A room at night with life nowhere near to me. Around me the objects that are close are waiting in the shapes of people that should use them, chairs that are never sat in, beds that are never lain in, wood and stuffing that will always remain. If I sit I do not sit because for hour after hour it is not I who forget myself, chairs and tables are more real than my mind. If I should recreate Annabelle in words I do not know what I should say except that I tried to love her without desire and without covetousness and without jealousy and that now I find I am without myself. I should say that it would have been possible if she had stayed close to me, but sacrifices are useless if the idol is away. There is nothing that I want. If she came into my room I do not suppose that it would please me, I have no eyes that would see her nor any heart to touch. There is a corner of the ceiling that might speak to me. That is more real to me, containing more hope.

And then before death the flame that is dying cries for a minute and I say I will do something I will do anything I will make the last use of this will that is left to me, I will go out into the street and I will walk until I have done something and then it will be done. I will choose to do this and there is nothing easier to do and if I don’t I shall go mad. I get up from the chair in which I have become as dust and I walk to the door through the tomb of centuries and on the stairs I have to become savage so that the violation will be done. I step down pitifully knowing that this is pitiful, treading as if in fury past the objects that deride me and on the threshold of the sun I must stop to decide. I stop on the pavement with the street on either side of me, a direction stretching to the right and to the left and a road to cross with railings in front of me. I can go this way or that and it is I who must choose and then I know that I am mad. I cannot choose. There is nothing I desire.
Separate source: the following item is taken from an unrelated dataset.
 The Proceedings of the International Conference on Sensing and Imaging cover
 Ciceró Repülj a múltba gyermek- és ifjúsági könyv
There is a donkey, theoretically, who starves to death when he is placed between two bundles of hay which are equidistant from him. He has no means of deciding which way to turn. Now there was no hay, no hay in the world, and the effect was the same. The donkey could not move, I could not move, and I was the donkey.
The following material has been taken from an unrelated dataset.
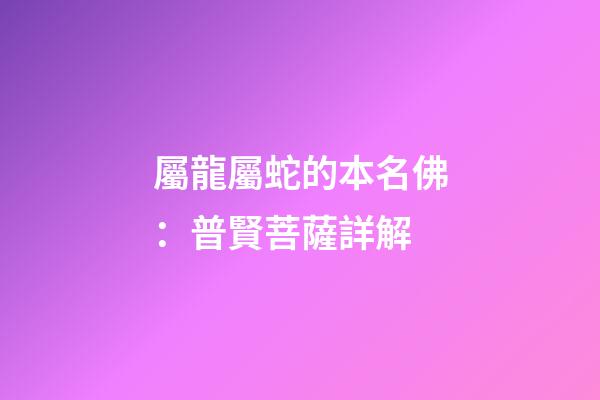 屬龍屬蛇的本名佛：普賢菩薩詳解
There was nothing I desired. I stood on the edge of the street in which there was nothing, between the ends of perspective at which nothing belonged, and it was no use thinking, This or that will lead me to intention, and no use turning my head in hope. I knew I was the donkey. As a lunatic I waited while the emptiness of the world drained me and drop by drop I was emptied too. Now I am mad, I thought; I am finally in Hell. I stood in the sunlight while no one looked at me and nothing was part of me and I did not belong. It is no use trying, I thought. It is no use waiting even for the police to come and arrest me and to lead me away. There is not really enough of me for that.

V. FUGITIVES

14

It was another year before I saw them again. They wrote to me, once or twice, without saying much. Peter was working in an office, Annabelle was with her mother, Marius was not mentioned. In their letters there was a suggestion that they were as listless as I. Yet I did not believe this, I could not imagine them failing. Then at Christmas I had a postcard saying that they might soon be returning to England. For a while I revived, my dreams became a possibility. But they did not come. Time went slowly again; the winter dragged. At times I wondered what the year would have done to them, if it would have changed them so that when they returned we would still be apart. It seemed that this was what we had intended — that we should all change, perhaps — and it would surely only be I who had gone backwards into futility. When I thought this I was frightened that their return might be worse than their absence. Yet I hoped for them, always, as my only means of awakening from nightmare. And when they did return it was not as I had feared. Things had changed, but from the outside, not from within. Perhaps it was just that we were all a year older. One makes certain contacts with oldness in a year, even if what is contacted still tries to remain the same.